While he is “missing the players and staff being back in Brissie”, Church will continue to watch all the games and provide feedback and direction to staff in order to ensure the high standard met by his players. And, he will not be the only one keeping a keen eye on the performances of all the players in the competition.
“As a basic one, (the players) have to retain their place in the Digicel Cup; their contract this year doesn’t guarantee them a contract for next year,” Church said.
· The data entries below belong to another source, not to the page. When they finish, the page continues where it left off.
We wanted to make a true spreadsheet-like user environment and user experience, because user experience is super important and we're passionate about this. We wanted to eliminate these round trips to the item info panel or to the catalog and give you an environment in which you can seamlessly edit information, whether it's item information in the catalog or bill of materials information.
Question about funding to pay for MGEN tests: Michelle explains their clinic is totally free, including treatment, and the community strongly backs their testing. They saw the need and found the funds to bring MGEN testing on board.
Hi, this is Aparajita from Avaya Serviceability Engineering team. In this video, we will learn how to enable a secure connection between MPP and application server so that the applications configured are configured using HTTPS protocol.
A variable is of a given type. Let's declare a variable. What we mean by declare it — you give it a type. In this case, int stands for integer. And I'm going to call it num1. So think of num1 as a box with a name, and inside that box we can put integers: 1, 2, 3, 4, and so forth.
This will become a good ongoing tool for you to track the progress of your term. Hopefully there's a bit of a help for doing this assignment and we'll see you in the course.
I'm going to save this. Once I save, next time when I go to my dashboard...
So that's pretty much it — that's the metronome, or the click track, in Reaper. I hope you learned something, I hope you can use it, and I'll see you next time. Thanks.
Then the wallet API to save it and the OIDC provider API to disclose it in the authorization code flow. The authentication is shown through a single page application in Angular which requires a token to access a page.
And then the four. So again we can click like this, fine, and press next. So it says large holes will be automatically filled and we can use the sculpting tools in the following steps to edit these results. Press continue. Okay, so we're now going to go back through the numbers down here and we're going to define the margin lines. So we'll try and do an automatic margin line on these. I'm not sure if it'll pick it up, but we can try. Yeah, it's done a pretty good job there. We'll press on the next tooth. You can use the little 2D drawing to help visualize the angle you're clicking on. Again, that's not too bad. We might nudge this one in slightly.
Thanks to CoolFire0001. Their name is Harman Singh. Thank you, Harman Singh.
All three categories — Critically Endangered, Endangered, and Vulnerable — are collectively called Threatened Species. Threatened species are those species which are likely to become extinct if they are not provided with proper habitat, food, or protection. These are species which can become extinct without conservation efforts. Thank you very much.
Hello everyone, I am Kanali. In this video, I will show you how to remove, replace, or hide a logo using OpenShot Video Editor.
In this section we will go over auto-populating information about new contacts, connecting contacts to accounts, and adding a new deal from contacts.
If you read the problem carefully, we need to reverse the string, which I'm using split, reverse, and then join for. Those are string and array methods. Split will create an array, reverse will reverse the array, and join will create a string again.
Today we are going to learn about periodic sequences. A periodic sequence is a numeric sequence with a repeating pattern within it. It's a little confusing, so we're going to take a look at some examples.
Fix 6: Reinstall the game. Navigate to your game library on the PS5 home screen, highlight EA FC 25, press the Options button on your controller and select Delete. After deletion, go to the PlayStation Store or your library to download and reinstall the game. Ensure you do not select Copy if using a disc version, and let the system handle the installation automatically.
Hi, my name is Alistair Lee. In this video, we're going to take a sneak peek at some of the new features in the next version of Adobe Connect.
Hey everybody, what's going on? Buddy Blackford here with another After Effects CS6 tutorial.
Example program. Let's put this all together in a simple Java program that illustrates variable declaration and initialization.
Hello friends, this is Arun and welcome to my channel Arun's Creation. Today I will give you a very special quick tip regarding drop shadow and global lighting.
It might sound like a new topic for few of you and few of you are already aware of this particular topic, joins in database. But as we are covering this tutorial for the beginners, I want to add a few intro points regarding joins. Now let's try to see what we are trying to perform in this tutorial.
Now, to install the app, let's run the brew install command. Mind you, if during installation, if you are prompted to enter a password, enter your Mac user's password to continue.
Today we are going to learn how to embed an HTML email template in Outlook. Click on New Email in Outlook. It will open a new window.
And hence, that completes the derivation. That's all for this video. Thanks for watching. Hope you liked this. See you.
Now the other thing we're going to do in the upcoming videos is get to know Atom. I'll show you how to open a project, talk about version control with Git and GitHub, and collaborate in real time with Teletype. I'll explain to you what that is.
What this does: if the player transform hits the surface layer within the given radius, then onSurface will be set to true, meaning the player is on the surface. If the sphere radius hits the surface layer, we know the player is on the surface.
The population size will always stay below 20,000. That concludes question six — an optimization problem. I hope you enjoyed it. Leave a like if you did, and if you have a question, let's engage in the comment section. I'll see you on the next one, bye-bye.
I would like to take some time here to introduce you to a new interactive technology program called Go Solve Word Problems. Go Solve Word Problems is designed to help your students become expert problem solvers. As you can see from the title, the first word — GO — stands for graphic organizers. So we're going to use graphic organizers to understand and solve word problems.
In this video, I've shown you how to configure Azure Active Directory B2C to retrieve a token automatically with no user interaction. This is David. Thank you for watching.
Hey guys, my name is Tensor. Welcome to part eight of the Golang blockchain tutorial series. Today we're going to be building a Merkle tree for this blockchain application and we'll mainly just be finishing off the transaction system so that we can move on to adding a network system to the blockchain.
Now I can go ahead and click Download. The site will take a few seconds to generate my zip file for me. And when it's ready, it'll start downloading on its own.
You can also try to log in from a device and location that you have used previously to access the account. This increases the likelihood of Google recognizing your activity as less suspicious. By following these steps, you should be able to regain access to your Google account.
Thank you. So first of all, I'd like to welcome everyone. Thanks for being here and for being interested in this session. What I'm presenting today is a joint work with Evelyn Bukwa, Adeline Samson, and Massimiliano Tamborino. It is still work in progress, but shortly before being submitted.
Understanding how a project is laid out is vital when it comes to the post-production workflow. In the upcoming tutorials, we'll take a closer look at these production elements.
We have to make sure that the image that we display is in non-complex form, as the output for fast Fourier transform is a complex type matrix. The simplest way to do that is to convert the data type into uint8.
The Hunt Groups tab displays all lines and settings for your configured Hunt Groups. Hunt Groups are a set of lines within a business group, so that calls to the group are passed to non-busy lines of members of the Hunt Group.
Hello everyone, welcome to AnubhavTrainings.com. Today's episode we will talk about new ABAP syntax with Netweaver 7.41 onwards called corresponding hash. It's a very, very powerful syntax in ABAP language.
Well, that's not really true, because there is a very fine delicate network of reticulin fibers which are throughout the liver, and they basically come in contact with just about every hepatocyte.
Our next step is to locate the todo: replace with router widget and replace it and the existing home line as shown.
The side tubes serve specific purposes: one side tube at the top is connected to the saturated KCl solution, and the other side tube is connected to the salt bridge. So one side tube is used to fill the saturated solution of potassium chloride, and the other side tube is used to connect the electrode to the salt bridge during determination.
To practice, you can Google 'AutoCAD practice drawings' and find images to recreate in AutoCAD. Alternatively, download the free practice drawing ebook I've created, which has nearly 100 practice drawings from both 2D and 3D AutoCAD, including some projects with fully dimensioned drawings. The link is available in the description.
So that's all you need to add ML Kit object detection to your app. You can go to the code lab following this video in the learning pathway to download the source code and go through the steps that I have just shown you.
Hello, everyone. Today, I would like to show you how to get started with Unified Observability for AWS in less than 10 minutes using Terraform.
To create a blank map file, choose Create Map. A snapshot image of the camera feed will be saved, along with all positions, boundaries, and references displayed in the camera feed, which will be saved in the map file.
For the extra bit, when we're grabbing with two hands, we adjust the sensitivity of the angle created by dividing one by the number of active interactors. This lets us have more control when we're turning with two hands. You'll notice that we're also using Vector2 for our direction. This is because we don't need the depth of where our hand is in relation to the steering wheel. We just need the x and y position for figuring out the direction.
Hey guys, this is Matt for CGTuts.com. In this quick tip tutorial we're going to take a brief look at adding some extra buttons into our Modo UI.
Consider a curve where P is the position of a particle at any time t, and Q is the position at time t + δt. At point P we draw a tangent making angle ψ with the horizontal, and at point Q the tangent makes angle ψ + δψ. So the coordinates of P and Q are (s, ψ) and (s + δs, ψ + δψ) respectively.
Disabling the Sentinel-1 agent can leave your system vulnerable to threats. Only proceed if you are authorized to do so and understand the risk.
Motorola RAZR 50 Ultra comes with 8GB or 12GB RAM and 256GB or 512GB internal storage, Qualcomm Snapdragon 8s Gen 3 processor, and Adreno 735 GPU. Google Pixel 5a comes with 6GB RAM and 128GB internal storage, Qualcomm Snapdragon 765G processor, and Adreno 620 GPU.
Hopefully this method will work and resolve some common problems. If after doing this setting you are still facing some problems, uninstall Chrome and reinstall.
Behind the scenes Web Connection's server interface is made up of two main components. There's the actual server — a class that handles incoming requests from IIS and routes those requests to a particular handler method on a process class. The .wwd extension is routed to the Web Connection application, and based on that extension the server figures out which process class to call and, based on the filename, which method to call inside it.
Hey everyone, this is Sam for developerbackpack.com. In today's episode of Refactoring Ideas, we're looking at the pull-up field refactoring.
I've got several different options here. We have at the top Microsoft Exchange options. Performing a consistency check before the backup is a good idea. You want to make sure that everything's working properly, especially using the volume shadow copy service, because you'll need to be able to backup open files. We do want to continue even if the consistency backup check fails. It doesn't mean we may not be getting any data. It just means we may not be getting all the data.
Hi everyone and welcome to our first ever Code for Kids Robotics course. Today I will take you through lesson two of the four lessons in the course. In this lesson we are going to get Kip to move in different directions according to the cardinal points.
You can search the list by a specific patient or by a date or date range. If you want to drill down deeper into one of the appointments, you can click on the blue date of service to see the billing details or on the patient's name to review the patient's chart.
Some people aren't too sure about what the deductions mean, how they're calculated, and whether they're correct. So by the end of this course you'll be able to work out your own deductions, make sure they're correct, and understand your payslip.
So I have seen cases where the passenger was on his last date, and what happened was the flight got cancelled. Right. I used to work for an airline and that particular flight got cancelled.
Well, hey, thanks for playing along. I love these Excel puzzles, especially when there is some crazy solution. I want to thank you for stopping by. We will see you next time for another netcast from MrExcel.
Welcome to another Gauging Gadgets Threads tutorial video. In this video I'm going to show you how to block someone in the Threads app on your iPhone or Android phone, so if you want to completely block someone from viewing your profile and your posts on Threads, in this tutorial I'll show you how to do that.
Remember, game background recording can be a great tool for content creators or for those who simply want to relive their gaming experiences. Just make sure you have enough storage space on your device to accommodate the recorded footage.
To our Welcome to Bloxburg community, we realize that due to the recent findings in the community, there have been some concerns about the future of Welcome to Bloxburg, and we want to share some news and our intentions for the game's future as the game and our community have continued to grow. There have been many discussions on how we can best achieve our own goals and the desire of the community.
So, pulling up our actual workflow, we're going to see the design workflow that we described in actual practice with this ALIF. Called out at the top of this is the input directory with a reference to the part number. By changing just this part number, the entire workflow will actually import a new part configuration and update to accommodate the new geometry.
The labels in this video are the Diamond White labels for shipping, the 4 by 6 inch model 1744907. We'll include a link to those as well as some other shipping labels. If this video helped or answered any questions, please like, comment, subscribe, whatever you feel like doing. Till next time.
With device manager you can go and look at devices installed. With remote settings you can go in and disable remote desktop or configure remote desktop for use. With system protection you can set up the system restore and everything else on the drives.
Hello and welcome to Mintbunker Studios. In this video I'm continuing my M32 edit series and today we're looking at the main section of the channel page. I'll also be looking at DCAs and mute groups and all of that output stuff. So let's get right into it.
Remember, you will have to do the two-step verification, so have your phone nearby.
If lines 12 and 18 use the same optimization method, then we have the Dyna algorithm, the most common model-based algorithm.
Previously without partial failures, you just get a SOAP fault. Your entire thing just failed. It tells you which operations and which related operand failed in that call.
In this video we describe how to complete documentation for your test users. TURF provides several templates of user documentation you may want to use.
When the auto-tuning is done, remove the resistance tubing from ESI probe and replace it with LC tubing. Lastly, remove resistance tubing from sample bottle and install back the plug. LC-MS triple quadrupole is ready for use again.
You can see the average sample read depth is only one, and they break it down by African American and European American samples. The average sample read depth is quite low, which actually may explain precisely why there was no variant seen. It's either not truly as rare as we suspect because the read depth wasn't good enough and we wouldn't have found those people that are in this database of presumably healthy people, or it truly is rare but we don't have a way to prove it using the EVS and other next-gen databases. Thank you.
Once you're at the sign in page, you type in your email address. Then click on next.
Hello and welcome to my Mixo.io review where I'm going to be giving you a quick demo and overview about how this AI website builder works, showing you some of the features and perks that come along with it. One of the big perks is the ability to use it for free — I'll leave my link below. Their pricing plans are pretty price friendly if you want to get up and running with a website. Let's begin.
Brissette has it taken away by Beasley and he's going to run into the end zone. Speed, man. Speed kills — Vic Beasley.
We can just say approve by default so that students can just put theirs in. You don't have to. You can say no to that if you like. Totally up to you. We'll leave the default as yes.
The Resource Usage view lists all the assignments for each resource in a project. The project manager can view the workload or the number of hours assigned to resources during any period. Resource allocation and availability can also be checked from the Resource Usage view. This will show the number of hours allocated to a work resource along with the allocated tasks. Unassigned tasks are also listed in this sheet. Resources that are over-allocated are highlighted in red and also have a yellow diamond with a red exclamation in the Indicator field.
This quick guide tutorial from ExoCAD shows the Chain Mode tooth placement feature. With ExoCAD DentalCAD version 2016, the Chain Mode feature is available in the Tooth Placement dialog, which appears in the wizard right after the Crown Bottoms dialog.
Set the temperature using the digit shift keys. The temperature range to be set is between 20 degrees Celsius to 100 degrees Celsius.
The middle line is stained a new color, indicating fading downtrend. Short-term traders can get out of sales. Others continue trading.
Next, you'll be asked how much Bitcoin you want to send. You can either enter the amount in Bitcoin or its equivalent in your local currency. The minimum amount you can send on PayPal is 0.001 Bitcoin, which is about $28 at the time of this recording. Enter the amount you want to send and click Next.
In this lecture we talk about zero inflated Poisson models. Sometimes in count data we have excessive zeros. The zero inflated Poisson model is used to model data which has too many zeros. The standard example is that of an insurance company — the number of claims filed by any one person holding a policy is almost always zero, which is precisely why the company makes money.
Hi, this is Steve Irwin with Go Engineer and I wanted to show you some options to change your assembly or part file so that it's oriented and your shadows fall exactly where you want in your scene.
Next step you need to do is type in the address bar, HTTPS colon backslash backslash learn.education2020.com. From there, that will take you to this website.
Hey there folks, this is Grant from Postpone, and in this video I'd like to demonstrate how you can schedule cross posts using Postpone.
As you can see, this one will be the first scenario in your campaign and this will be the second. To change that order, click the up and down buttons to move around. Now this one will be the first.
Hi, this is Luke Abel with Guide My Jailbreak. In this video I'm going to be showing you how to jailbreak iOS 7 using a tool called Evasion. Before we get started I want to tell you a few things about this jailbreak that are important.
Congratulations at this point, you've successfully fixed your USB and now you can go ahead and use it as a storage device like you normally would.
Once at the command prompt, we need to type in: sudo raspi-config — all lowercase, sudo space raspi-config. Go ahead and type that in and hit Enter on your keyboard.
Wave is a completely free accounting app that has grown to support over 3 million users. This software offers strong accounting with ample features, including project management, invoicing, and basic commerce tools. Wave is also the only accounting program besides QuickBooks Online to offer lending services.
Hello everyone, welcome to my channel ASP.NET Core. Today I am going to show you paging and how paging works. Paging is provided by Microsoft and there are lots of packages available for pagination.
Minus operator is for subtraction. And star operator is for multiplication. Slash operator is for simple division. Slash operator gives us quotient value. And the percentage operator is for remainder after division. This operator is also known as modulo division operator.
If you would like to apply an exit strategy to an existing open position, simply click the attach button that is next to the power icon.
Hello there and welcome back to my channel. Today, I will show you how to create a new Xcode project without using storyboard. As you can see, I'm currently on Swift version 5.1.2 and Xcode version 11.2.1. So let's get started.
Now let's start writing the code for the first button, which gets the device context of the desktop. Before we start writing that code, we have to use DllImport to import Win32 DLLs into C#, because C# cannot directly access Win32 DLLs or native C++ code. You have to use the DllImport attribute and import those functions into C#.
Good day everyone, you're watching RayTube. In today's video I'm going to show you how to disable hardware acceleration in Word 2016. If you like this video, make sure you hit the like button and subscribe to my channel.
“Our staff have spread out around the franchises as well, so we have got a couple of our junior S&Cs – one’s gone to the Vipers, one’s gone to the Tigers and we have Solomon ... based in Port Moresby and he goes to each game and works with the trainers and gives them advice and knowledge.
“(This) is just that opportunity for all of us – whatever our skillset is – to share that knowledge with the like-minded people in the franchises so we improve the standard across the country.
“The players have the understanding of what’s expected of our Hunters players, but this is a really good opportunity for them to put their name in front of the national selectors.
“It’s a World Cup next year, so I am quite sure (PNG Kumuls head coach) Michael Marum will be looking to fine-tune who he is going to select in that.
“There’s a really good opportunity for our players and for anyone else that’s not in the Hunters system who wants to make a name for themselves; because there have been plenty of players who have come straight out of Digicel Cup or even in the local leagues who have come out make the Hunters or the Kumuls programs, so there’s a really good opportunity for someone in the country to stand up and be counted.”
Round 2 of the Digicel Cup kicks off this weekend.